Although Dear Husband traded me for a larger suitcase on one of his visits, and he even carted home some winter clothes, photocopies, and books for me, when packing up I still found myself with juuust enough carrying capacity. Or rather, capacity to stuff my belongings into an enclosed container and drag or otherwise lug it behind me. I still had my winter coat, a lighter and a heavier jacket, my bicycle helmet, and a steamer basket that I didn’t use as often as I thought I would, since I usually ended up cooking my vegetables with the potatoes in a little olive oil. For the trip through Poland I also had an extra bag of apples, snacks, and rolls with what was left of my meat and cheese. I figured I had already paid for this food, could eat it whenever I was hungry, and wouldn’t have to worry about factoring as many meals into my budget of Polish zlotys. Although I am used to buying just as much food as I need for a week, I discovered that I am reeaallly bad at estimating how long toiletries like shampoo and shower gel last. At least I was able to repack the rest of my laundry detergent into a little juice bottle. I opted not to mail anything home, because I found that even a not-very-heavy small-medium box could cost 30 Euros (= $40) to mail to the States. So because books are heavy (= expensive), and because I have heard horror stories of research notes getting lost at customs, I would have ended up mailing back clothes and lugging the books and a ream of copies anyway. Cheapskate me would rather endure the sweat and blisters than pay the money. As it was, I ended up paying over 100 Euros in luggage fees for the privilege of traveling with all my stuff.

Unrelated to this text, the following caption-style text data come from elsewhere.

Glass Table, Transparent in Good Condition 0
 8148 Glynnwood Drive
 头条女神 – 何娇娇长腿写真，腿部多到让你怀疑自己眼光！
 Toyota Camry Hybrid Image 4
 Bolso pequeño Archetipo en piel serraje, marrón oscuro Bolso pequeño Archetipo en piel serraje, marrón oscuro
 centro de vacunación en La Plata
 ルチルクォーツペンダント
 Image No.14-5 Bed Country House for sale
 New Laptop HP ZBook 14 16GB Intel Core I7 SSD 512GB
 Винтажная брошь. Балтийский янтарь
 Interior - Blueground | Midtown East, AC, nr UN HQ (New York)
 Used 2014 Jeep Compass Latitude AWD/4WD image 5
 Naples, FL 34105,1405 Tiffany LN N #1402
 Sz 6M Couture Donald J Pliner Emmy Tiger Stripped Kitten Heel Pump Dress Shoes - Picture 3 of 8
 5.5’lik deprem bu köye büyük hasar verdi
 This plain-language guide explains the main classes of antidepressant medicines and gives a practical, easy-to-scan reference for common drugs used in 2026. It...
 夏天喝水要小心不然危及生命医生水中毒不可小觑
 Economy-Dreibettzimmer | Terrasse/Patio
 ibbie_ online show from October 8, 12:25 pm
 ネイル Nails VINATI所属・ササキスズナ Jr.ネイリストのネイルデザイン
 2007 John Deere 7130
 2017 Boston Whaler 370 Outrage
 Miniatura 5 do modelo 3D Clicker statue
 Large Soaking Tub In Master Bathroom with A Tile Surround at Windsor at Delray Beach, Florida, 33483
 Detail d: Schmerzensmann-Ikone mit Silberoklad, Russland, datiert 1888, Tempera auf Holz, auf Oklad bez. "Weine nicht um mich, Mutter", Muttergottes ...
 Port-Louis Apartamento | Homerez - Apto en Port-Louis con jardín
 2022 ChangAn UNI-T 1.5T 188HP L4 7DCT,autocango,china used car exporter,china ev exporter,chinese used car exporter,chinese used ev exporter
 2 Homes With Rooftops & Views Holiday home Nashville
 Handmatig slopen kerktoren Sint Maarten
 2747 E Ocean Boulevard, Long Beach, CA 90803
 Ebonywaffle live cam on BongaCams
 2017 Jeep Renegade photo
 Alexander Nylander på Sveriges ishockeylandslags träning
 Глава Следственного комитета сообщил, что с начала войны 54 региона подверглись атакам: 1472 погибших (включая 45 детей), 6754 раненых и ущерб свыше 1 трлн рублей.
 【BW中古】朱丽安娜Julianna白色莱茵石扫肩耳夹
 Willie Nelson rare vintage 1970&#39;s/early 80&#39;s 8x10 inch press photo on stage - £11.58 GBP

*--The external harddrive made the journey in my suitcase. I sat in an exit row, and a thought occurred to me while reading the emergency landing info: "If the plane goes down, I lose my suitcase; that means in order to save 10 months' worth of research photographs, I would have to take my laptop, which is against the rules. I may not "meet the requirements" for sitting in the exit row after all!"

No comments:

Post a Comment

Your comments let me know that I am not just releasing these thoughts into the Ether...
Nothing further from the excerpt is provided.